Nodes successfully joined, not!

The content of this page hasn't been updated for years and might refer to discontinued products and projects.

Debug 101 🔗︎

Today we’re starting a new series called Debug 101, which deals with those issues that gave us particularly bad headaches and took a large amount of time to debug, understand and fix. We believe strongly in open source software and open issue resolution, and we try to describe our problems and suggest fixes as we go, so you don’t have to shave that yak. We already have, and they yak looks awesome.

Nodes successfully joined, not! 🔗︎

We use different cloud providers (typically Kubernetes-managed) to develop and launch workloads on Kubernetes. One of the E2E automated tests we run utilizes AWS EC2, wherein we install the Kubernetes cluster (using kubadm). Custom installations give us the flexibility of custom setups and profiles, and allow us to test Pipeline with different k8s versions. From time to time, we encountered strange behavior in the cluster - the foremost of which was that, although we started EC2 instances, they did not show up in the Kubernetes cluster. This issue occured sporadically and was undeterministic. After some test runs we identified a (potential) common source. Either the node instances in question were of a stronger instance variety, or the cluster size was particularly small (less than three or four nodes). Since we run our automated tests on spot price instances, and the pool is recommended by an internal tool/project (which we will open source soon), it’s hard for us to know what our instance types will be beforehand (unless explicitely specified), since Hollowtrees determines this according to a variety of factors (rulesets, spot price history, price trend in the AZ, fleet diversity, etc).

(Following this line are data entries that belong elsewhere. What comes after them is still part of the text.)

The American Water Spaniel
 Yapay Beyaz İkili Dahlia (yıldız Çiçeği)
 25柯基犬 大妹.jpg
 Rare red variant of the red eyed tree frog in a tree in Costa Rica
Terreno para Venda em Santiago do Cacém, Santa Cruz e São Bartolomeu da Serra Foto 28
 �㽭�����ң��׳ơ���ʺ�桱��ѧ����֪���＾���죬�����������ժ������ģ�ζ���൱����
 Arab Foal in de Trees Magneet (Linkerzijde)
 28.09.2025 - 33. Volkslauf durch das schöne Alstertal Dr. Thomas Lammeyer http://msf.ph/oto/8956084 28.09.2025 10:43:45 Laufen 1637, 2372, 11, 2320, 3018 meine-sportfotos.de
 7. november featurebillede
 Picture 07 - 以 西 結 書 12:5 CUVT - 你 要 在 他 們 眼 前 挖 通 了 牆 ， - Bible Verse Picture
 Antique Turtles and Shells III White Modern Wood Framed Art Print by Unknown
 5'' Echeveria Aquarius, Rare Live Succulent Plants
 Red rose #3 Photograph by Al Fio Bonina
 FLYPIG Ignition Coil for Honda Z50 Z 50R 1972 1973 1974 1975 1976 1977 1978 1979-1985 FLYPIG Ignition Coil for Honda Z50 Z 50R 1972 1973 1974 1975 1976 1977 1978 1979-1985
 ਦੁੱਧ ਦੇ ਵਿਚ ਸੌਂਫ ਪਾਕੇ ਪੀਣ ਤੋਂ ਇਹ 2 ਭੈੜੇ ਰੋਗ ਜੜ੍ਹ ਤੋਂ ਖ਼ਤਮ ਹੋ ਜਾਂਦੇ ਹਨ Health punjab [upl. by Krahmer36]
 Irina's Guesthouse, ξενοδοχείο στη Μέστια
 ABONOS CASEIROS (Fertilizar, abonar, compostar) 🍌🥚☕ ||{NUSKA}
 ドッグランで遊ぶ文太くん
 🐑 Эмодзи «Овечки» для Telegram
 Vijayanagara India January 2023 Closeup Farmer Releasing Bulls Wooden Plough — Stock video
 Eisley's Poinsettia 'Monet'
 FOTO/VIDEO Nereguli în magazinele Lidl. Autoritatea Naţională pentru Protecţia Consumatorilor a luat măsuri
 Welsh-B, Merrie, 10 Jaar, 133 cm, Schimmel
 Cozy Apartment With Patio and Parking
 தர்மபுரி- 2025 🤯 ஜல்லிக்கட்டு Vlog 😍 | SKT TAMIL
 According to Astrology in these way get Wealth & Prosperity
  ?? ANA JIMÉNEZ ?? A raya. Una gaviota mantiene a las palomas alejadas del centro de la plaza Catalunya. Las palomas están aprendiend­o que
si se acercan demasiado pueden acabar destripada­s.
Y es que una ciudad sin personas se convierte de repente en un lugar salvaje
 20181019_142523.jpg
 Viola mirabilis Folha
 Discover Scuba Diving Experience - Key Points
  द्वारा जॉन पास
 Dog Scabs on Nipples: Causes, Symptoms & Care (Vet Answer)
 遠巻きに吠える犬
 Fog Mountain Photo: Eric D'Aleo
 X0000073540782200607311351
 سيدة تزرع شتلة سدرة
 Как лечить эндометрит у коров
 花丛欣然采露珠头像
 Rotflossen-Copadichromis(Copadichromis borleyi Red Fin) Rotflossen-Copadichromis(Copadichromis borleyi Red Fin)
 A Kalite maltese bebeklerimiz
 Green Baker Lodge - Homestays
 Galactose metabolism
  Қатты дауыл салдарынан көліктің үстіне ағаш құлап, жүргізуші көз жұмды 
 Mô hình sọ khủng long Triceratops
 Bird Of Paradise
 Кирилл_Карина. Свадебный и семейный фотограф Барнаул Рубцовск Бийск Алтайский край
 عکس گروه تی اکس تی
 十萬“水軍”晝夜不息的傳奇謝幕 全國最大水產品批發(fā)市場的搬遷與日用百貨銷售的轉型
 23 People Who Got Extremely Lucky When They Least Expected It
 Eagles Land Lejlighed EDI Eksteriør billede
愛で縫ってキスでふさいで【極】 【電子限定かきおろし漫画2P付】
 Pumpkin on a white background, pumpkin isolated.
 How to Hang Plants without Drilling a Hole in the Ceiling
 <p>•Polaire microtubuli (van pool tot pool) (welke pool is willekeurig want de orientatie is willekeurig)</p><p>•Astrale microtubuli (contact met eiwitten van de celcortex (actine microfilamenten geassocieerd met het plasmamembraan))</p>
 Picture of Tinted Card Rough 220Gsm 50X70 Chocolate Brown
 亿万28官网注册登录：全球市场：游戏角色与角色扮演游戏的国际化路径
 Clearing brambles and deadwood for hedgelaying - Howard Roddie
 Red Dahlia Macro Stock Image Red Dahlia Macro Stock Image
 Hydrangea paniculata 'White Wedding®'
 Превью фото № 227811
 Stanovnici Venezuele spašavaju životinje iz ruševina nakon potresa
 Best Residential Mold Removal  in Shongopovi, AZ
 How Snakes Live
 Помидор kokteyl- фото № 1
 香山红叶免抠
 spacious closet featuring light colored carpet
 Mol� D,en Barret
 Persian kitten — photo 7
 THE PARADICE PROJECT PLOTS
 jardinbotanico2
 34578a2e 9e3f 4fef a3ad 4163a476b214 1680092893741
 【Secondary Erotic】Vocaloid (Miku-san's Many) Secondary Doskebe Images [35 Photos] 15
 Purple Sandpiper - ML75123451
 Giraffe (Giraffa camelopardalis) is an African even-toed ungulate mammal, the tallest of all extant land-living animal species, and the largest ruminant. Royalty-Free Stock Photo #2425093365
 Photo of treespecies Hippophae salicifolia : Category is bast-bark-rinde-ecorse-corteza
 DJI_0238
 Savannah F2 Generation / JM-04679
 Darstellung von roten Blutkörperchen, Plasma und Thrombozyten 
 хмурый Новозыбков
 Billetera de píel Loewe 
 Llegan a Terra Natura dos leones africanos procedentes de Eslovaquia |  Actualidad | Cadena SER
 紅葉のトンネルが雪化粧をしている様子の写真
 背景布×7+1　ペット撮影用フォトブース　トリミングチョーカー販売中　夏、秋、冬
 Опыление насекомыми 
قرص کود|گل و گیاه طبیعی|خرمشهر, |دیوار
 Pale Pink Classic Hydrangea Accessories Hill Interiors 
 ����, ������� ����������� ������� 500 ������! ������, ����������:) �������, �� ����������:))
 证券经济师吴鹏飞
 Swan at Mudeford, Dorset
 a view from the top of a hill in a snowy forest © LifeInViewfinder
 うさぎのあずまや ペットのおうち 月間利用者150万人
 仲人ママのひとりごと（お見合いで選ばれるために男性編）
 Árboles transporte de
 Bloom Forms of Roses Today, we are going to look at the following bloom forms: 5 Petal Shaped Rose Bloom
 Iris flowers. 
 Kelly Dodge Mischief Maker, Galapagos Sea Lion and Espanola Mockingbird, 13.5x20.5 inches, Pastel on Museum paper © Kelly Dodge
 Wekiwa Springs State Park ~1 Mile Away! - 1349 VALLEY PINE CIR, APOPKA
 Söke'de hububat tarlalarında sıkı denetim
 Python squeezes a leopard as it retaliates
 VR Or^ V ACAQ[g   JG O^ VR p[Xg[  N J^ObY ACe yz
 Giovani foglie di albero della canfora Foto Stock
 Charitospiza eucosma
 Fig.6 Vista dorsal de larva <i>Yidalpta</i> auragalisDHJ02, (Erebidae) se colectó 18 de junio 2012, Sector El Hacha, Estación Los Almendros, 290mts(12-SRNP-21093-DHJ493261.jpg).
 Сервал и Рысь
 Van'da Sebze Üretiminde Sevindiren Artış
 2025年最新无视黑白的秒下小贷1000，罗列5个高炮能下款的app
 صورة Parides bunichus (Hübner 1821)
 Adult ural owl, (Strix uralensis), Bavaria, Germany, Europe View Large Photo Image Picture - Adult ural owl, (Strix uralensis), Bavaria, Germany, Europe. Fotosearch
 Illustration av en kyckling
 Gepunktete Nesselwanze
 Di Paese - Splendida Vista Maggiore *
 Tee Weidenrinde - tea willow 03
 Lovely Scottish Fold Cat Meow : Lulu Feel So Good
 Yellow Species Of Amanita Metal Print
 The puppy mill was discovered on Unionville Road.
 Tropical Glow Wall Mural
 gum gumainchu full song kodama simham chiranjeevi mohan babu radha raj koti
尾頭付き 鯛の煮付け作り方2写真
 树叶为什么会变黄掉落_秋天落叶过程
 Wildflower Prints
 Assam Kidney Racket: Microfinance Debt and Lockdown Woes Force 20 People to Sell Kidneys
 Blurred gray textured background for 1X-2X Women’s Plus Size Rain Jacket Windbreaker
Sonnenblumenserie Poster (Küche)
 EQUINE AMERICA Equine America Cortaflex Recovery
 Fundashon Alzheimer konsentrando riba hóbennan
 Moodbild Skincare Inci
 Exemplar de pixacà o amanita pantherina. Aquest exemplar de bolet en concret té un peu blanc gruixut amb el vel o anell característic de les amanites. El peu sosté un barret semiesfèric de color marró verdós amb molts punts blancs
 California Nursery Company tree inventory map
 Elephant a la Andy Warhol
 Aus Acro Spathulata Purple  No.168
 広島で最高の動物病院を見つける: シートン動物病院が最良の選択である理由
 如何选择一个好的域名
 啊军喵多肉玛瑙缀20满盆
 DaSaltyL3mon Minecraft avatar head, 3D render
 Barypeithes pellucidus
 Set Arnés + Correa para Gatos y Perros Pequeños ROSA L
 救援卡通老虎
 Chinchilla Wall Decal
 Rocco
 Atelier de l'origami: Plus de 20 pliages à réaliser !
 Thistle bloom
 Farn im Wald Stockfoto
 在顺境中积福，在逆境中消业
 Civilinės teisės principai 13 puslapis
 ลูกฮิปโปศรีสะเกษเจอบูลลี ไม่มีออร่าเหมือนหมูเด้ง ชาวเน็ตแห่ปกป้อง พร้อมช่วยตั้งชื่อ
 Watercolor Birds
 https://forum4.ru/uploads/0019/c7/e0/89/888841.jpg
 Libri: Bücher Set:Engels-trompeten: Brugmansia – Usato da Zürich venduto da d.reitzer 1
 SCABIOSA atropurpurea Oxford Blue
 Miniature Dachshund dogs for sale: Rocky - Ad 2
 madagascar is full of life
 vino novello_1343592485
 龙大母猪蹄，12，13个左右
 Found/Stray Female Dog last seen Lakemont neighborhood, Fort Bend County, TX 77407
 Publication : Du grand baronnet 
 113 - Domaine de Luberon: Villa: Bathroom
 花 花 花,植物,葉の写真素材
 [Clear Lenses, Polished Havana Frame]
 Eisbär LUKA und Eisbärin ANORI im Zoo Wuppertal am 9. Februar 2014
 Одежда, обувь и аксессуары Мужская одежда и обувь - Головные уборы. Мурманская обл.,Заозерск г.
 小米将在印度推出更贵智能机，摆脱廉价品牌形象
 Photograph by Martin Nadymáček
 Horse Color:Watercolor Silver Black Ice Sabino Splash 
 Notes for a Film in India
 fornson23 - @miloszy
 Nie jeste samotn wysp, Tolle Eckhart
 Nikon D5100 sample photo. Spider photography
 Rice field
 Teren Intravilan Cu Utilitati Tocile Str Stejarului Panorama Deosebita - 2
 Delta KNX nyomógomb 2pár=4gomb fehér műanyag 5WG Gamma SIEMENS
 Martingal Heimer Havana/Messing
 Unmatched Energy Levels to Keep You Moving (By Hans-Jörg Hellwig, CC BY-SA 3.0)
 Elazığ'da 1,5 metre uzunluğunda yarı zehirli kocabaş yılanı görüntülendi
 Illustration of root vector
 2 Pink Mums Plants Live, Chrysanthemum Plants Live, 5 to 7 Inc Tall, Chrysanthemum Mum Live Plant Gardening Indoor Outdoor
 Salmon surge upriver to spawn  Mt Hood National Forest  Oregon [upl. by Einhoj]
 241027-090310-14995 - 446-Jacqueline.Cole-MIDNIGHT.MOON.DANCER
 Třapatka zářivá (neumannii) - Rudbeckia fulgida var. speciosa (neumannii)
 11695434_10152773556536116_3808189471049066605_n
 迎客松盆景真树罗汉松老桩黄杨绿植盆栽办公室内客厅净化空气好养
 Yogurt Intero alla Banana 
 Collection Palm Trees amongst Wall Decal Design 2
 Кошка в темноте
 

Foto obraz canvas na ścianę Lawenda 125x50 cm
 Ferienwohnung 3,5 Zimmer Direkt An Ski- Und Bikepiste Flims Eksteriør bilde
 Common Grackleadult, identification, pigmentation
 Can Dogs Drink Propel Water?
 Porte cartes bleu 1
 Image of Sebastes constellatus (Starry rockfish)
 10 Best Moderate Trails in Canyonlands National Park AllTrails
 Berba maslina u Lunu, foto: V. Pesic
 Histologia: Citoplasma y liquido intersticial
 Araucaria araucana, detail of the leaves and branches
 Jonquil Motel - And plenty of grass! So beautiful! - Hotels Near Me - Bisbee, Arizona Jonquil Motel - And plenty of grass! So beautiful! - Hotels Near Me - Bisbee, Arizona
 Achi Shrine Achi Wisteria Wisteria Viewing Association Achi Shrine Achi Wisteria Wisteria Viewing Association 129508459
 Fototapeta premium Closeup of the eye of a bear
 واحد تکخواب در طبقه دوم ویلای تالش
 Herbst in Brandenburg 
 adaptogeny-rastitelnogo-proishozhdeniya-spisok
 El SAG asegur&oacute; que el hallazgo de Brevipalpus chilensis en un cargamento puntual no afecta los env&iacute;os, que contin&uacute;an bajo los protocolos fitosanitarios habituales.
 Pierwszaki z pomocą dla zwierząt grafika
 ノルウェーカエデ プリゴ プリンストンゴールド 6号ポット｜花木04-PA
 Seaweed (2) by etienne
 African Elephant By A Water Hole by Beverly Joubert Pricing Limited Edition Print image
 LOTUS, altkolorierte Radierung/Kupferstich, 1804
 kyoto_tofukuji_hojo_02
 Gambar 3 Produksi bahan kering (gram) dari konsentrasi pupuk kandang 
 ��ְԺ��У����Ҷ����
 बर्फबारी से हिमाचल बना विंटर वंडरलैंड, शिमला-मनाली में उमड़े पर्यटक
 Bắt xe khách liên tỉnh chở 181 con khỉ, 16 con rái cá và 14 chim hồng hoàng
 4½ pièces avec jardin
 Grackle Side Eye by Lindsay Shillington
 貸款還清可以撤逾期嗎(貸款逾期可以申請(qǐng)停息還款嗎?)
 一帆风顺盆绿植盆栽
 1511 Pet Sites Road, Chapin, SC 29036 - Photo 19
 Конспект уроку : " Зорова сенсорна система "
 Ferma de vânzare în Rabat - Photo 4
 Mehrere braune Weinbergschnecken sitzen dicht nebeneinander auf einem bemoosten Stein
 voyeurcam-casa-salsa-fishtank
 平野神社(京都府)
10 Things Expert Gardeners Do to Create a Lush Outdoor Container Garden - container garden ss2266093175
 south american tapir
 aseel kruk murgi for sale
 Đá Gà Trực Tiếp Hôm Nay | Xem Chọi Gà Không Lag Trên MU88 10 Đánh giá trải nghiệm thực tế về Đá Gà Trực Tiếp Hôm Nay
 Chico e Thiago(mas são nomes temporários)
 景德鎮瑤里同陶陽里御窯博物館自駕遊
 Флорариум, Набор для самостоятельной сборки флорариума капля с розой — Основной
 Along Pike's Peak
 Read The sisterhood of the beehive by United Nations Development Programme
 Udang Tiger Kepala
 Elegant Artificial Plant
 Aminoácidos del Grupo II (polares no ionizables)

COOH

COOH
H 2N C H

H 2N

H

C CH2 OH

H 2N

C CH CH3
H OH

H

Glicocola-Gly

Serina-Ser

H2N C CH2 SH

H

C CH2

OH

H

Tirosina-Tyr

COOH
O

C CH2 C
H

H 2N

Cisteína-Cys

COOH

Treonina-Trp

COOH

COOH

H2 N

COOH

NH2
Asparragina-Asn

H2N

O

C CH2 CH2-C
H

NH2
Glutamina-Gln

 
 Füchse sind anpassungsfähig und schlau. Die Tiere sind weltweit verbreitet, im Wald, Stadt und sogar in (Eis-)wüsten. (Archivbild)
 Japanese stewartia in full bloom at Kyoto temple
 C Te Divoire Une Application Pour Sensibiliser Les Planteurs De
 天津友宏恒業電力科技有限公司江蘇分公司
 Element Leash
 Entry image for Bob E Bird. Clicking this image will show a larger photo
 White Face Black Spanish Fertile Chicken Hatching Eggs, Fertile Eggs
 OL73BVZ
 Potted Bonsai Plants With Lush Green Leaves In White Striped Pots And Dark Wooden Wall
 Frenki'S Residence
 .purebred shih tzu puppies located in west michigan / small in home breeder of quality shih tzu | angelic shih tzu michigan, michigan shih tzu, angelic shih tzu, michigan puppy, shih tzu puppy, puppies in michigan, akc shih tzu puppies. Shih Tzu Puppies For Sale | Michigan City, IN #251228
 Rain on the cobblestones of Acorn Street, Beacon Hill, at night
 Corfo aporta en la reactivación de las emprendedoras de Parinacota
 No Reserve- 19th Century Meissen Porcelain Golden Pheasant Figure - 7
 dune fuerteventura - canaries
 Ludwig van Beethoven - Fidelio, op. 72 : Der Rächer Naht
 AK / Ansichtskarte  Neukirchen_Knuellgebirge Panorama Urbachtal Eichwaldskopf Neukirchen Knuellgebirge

To cut to the chase, the problem is that, though master and node start in parallel, after some time the controller removes the node from the cluster. Here’s the sequence of events:

Master starts sucessfully
Node starts and tries to join to the master: (kubeadm join --token ${TOKEN} ${MASTER})
Eventually, Node goes missing from the cluster node list (kubectl get node)
The logs on the Node say that it’s successfully joined the Master

    [bootstrap] The server supports the Certificates API (certificates.k8s.io/v1beta1)
    and the Node join is complete:
    * Certificate signing request is sent to master and response received.
    * Kubelet informed of new secure connection details.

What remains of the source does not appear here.